Gomes Canotilho: É a favor da vinculação directa dos direitos fundamentais nas relações entre particulares não apenas nas relações sociais. Não pode ser deixado de lado a desigualdade na relação jurídica quando se calibra a intensidade da eficácia horizontal de tais direitos: existe um “núcleo irredutível de autonomia pessoal” que não pode ser sacrificado em razão da extensão ao campo privado dos direitos fundamentais.
José João Abrantes: Pode haver dois tipos de situações: Nas relações privadas entre sujeitos desiguais, os direitos fundamentais são aplicados nos mesmos termos que se aplicam nas relações entre o indivíduo e os poderes estaduais; Nas relações entre indivíduos que estão pelo menos tendencialmente em posição de igualdade, a aplicação directa dos preceitos resume-se à garantia do respectivo conteúdo mínimo essencial, podendo ceder perante a liberdade negocial na medida em que tal conteúdo mínimo não seja afectado.
Vieira de Andrade: Quando for manifesta a desigualdade de poder entre as partes, e uma delas estiver subordinada em relação à outra, a primeira fica detentora de direitos subjectivos fundamentais oponíveis à segunda, sem excluir os direitos fundamentais da segunda, devendo proceder a uma ponderação entre os direitos invocados pela parte jurídica mais frágil.
Vasco Pereira da Silva: Por detrás desta discussão acerca da aplicabilidade mediata ou imediata dos direitos fundamentais, o que realmente se procura é regular as concretas situações da vida, ou seja, a mera necessidade de conciliação dos direitos fundamentais com os princípios fundamentais de direito privado, quer essa regulação se verifique através da mediação de normas ordinárias, quer se verifique imediatamente.
Juan María Bilbao Ubillos: não é possível afirmar a priori se um direito fundamental vincula ou não os particulares, bem assim a sua extensão, pois alguns direitos fundamentais, pela sua própria estrutura, pressupõem uma eficácia horizontal imediata (liberdade de expressão, objecção de consciência, honra, liberdade de religião, privacidade). Outros pela sua natureza, vinculam só o Estado.

Outras teorias, como a teoria Deveres de Protecção, as teorias alternativas Jürger Schwabe e Robert Alexy ou a teoria do State Action, podiam ser referidas. Mas dada a extensão deste artigo e a menor importância e adesão a estas teorias colocamo-las, portanto, de parte.

Importa agora esclarecer, na nossa opinião, se os direitos fundamentais se projectam nas relações jusprivatísticas, e em caso afirmativo, de que forma, com que intensidade e em que limites se dá essa vinculação e qual é o papel e a responsabilidade do Estado nesse contexto.
Primeiro, não nos parece aceitável recusar qualquer eficácia dos direitos fundamentais nas relações entre particulares.
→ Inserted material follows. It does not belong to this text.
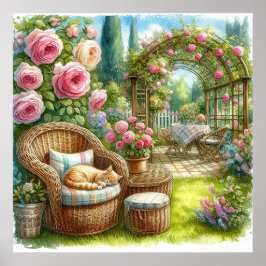 Póster Paisaje 2 de la retirada de los jardines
É verdade que alguns direitos fundamentais, pela sua natureza, têm apenas o Estado como seu destinatário. Outros destinam-se a regular directamente relações privadas (direito à inviolabilidade do domicílio, direito ao sigilo da correspondência e das comunicações telegráficas, e no âmbito dos direitos sociais, os direitos dos trabalhadores, cujos destinatários são os empregadores).
Num mundo em que as ameaças e as agressões à liberdade ou a outros bens tutelados pelos direitos fundamentais, já não provêm exclusivamente do Estado, mas também ou até mais gravemente, de poderes sociais ou privados, cujas relações se estabelecem em condições assimétricas de força, não se mostra minimamente coerente que tal sistema de garantias (Estado Constitucional Democrático) se circunscreva à concepção de impedir o Estado dessas violações, deixando tudo o mais a descoberto, como se a liberdade comportasse uma divisão, como se ela não fosse una e como se a única parte juridicamente relevante dessa liberdade fosse aquela ameaça de violação por parte dos poderes públicos.
Quanto a tese mediata, imediata e dos deveres de protecção, todos perfilham a ideia de que cabe ao legislador, em primeira linha, ditar as regras de convivência e compatibilizar as esferas de autonomia e liberdade; e que cabe ao juiz dizer se as posições normativas do legislador, de acordo com a Constituição, são ou não aceitáveis.
O dissenso entre essas doutrinas está nas hipóteses em que não há lei que regule uma situação ou, existindo, seja insuficiente ou apresente um deficit para a solução de conflito entre particulares, porque implicará reconhecer que os particulares, nas suas relações interprivadas, estão vinculados pelos direitos fundamentais, ou seja, que estes têm eficácia imediata nas relações privadas.
No que diz respeito à teoria mediata, cabe-nos fazer esta crítica: em primeiro lugar, não explica a existência de normas constitucionais que reconhecem direitos fundamentais destinados a regular ou a serem aplicados exactamente às relações privadas (tutelam a família, casamento, educação, direito de greve, direito de associação sindical, liberdade de expressão, liberdade religiosa). Em segundo lugar, é insuficiente para dar uma adequada protecção aos direitos fundamentais porque coloca a concretização de tais direitos na dependência do legislador ordinário e não admite que na ausência do legislador, o juiz lance mão directamente da Constituição para resolver conflitos. Nesse caso, faz sentido o juiz poder recusar-se a aplicar a Constituição só porque o legislador não regulou determinada situação? Não! Por último, no Ordenamento Português parece não ser defensável uma vez  que a CRP no artigo 18º/1 está prevista a vinculação directa das entidades privadas aos direitos fundamentais.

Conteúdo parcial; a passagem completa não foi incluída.